**DATA EXTRACTS**
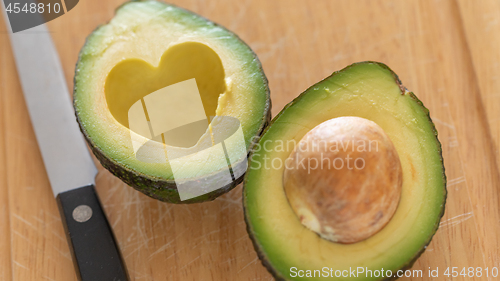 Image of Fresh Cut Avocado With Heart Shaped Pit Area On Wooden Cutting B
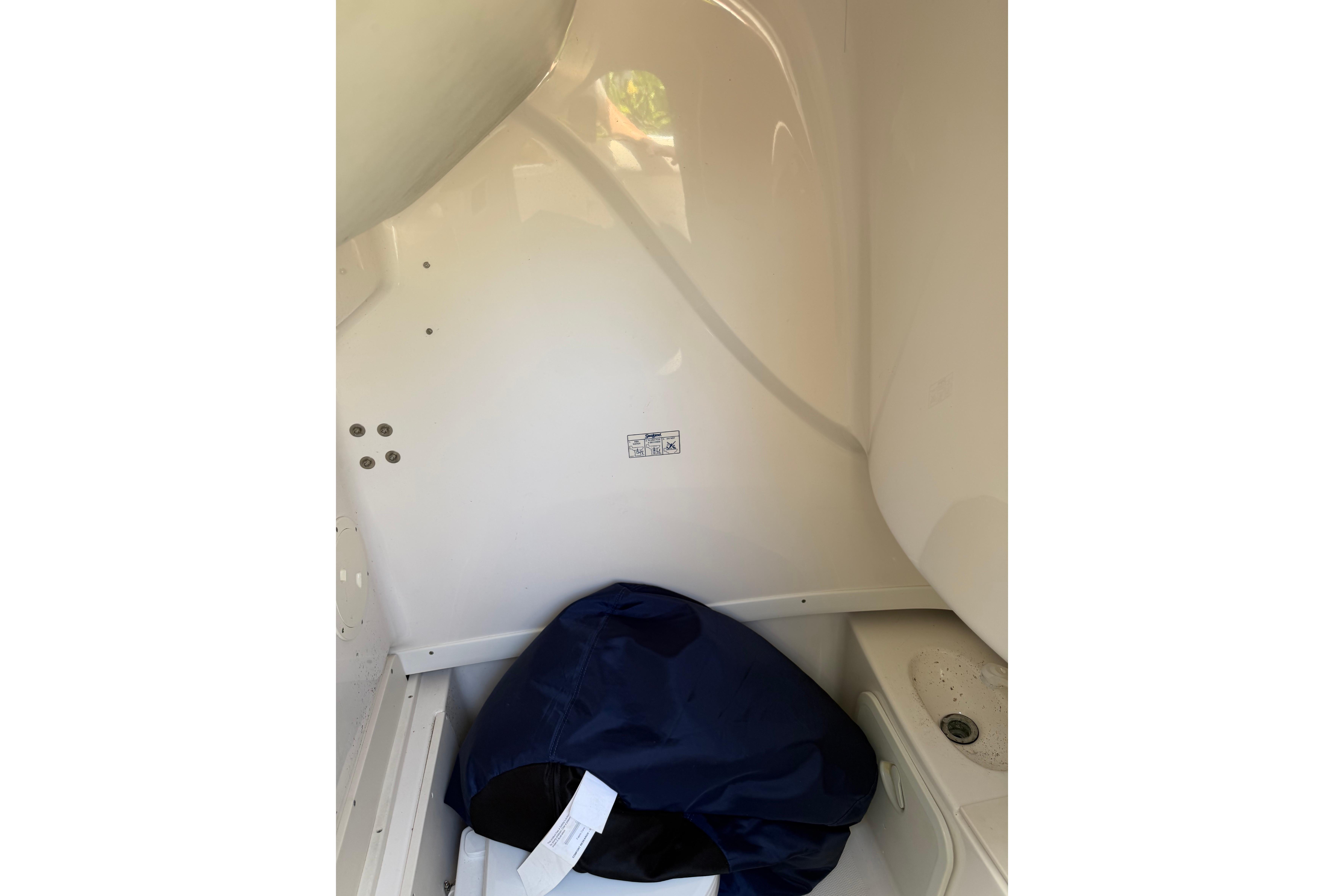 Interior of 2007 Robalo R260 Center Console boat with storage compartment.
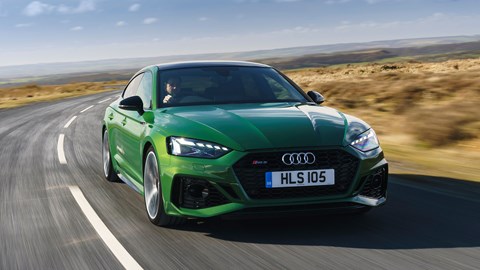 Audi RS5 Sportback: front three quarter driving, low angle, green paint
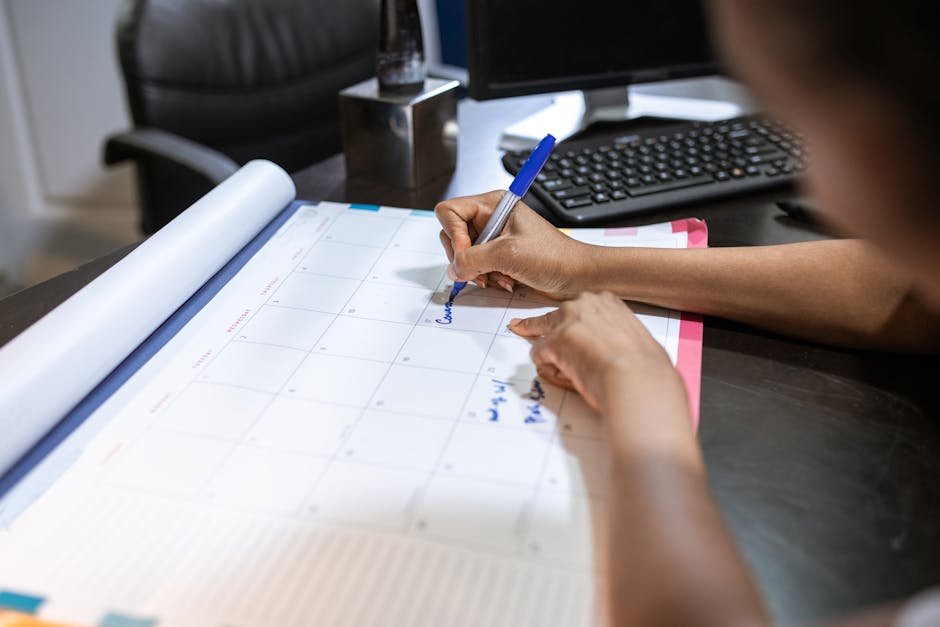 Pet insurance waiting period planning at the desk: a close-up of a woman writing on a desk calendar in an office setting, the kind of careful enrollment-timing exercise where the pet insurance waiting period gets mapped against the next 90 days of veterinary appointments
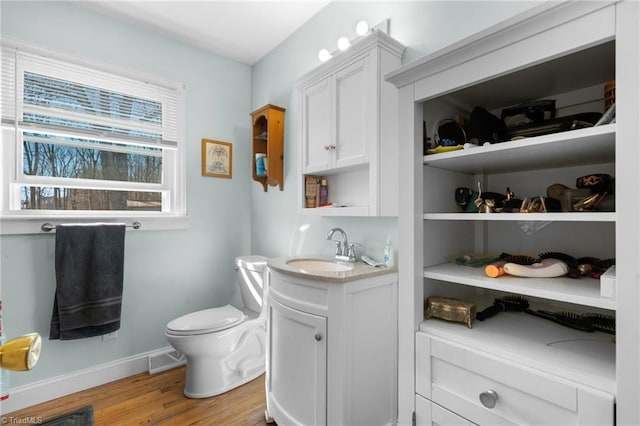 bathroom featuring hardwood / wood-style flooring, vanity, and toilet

---

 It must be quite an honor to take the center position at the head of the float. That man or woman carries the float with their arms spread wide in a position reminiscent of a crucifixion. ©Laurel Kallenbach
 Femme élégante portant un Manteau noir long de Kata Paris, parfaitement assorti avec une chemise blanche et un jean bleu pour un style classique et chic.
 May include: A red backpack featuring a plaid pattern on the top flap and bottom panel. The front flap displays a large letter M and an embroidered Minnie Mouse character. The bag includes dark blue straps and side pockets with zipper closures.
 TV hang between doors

**WHAT IS BEING ASKED**
Exact duplication is required for the lines above, from the line that contains "May include: A" to the line that contains "TV hang between doors", inclusive; omit all others.

**TASK ANSWER**
 May include: A red backpack featuring a plaid pattern on the top flap and bottom panel. The front flap displays a large letter M and an embroidered Minnie Mouse character. The bag includes dark blue straps and side pockets with zipper closures.
 TV hang between doors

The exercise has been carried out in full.